Thread: ISO-8859-1 encoding not enforced?

ISO-8859-1 encoding not enforced?

From
Christopher Kings-Lynne
Date:
Is PostgreSQL supposed to enforce a LATIN1/ISO-8859-1 encoding if that's 
the database encoding?

Because people using this database can happily insert any old non-LATIN1 
junk into the database, then when I export as XML, all XML validation 
fails because the encoding is not correct.
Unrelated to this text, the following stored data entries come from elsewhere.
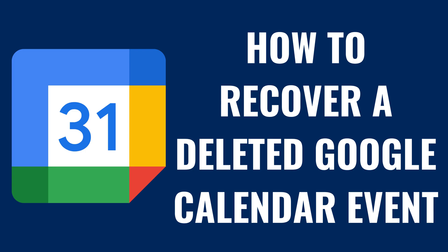I'm Max Dalton, and in this video I'll show you how to recover a deleted Google Calendar event.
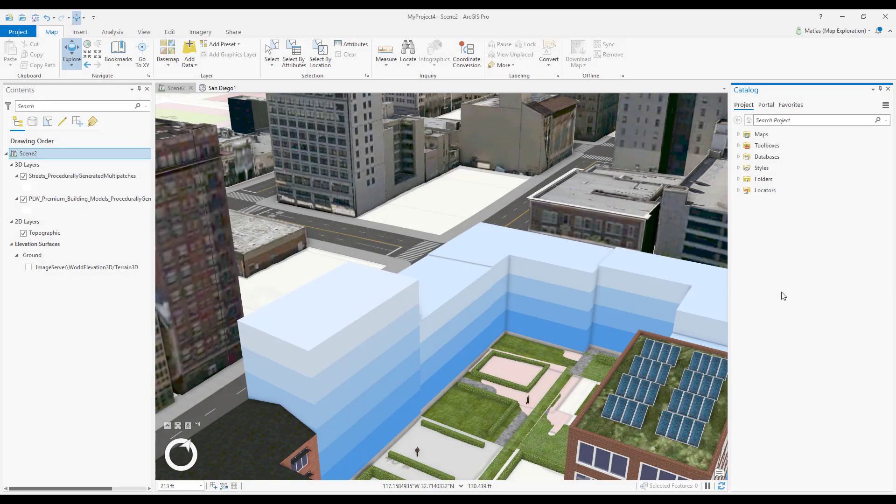Interactive Lines of Sight are effective for quick, point-to-point visibility analysis. Creating and editing Interactive Lines of Sight is simple.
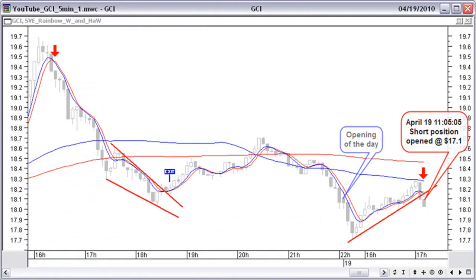April 19, 11:05 EST. On the 5-minute chart, price fell through the 50 and 100 day moving average and bounces now against the 50 moving average, turning down — most probably to create another price leg down. Price and indicators are showing a hidden divergence, with higher tops in the indicators and a lower top in price. This will generally be followed by a continuation of the previous downtrend. We open a short position at $17.10.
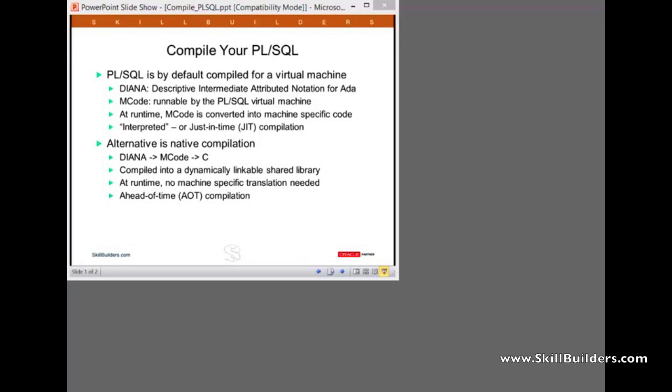At runtime, there is no machine-specific translation needed. The code is there, ready to run, and it can be dynamically linked into the Oracle executables. This is what one would normally call ahead-of-time compilation, rather than just-in-time compilation.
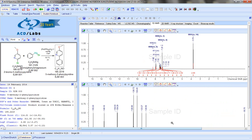We can very easily generate 1D NMR spectra, proton and carbon in this case, and we can generate multiple reports and report outputs from Spectrus Processor for easy archiving and transfer into patents and publications.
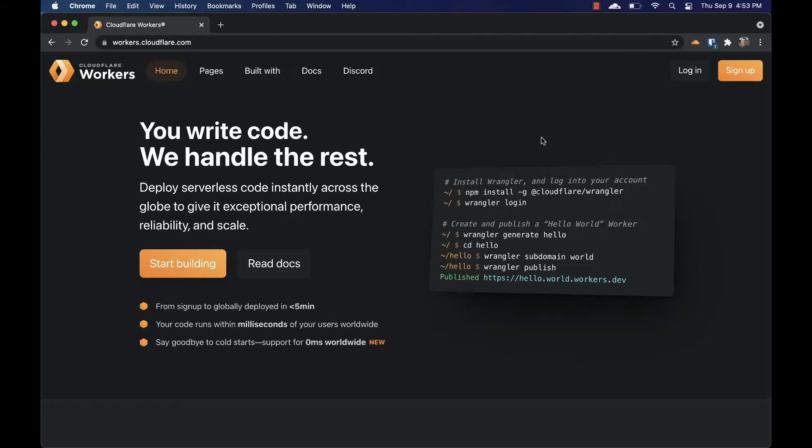Imagine you're using Workers Unbound to complete a resource-intensive task. Maybe you've written an image processor or some sort of complex algorithm. It can be difficult to audit your worker's performance and find out where it's spending the most CPU time. That's why we're launching a beta version of Wrangler Inspect.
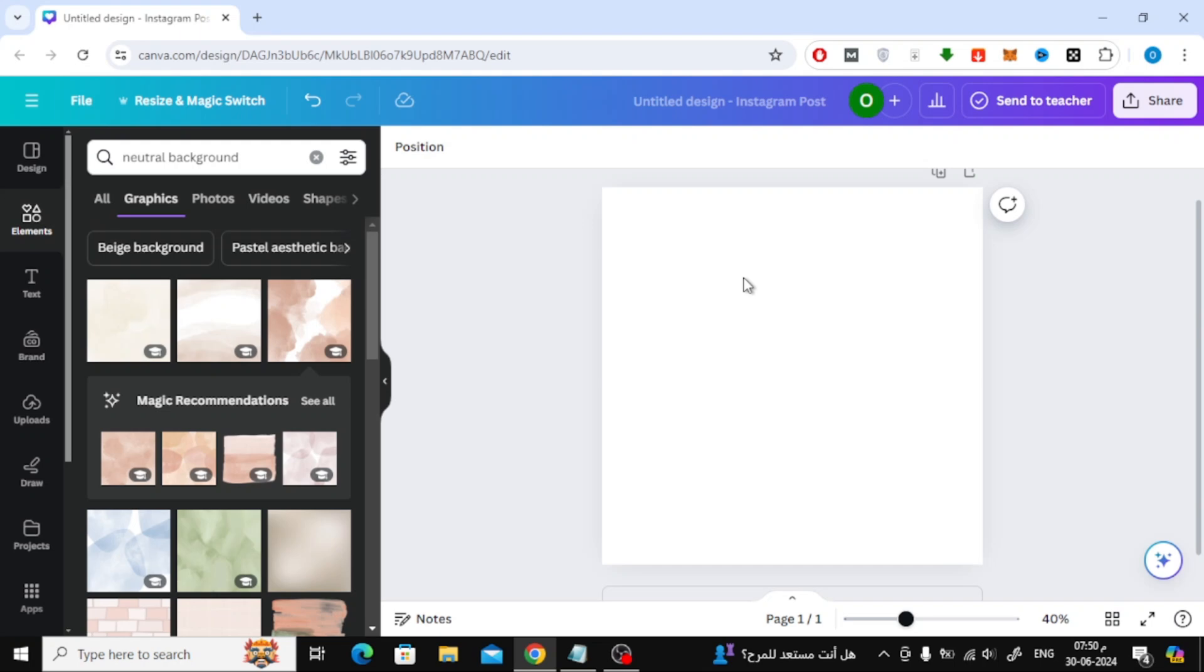In this video I will show you how to split background in Canva. Let's start by opening a new design. Next, we will try three methods to divide any image in the background.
If this is not expected behaviour, I will submit an example script 
showing the problem...

Chris


Re: ISO-8859-1 encoding not enforced?

From
Tom Lane
Date:
Christopher Kings-Lynne <chriskl@familyhealth.com.au> writes:
> Is PostgreSQL supposed to enforce a LATIN1/ISO-8859-1 encoding if that's 
> the database encoding?

AFAIK, there are no illegal characters in 8859-1, except \0 which we
do reject.
        regards, tom lane


Re: ISO-8859-1 encoding not enforced?

From
"Andrew Dunstan"
Date:
Tom Lane said:
> Christopher Kings-Lynne <chriskl@familyhealth.com.au> writes:
>> Is PostgreSQL supposed to enforce a LATIN1/ISO-8859-1 encoding if
>> that's  the database encoding?
>
> AFAIK, there are no illegal characters in 8859-1, except \0 which we do
> reject.
>

Perhaps Chris is confusing ISO/IEC 8859-1 with ISO-8859-1 a.k.a. Latin-1.

According to the wikipedia,

"The IANA has approved ISO-8859-1 (note the extra hyphen), a superset of
ISO/IEC 8859-1, for use on the Internet. This character map, or character
set or code page, supplements the assignments made by ISO/IEC 8859-1,
mapping control characters to code values 00-1F, 7F, and 80-9F. It thus
provides for 256 characters via every possible 8-bit value.
[snip]
The name Latin-1 is an informal alias [for ISO-8859-1] unrecognized by ISO
or the IANA, but is perhaps meaningful in some computer software."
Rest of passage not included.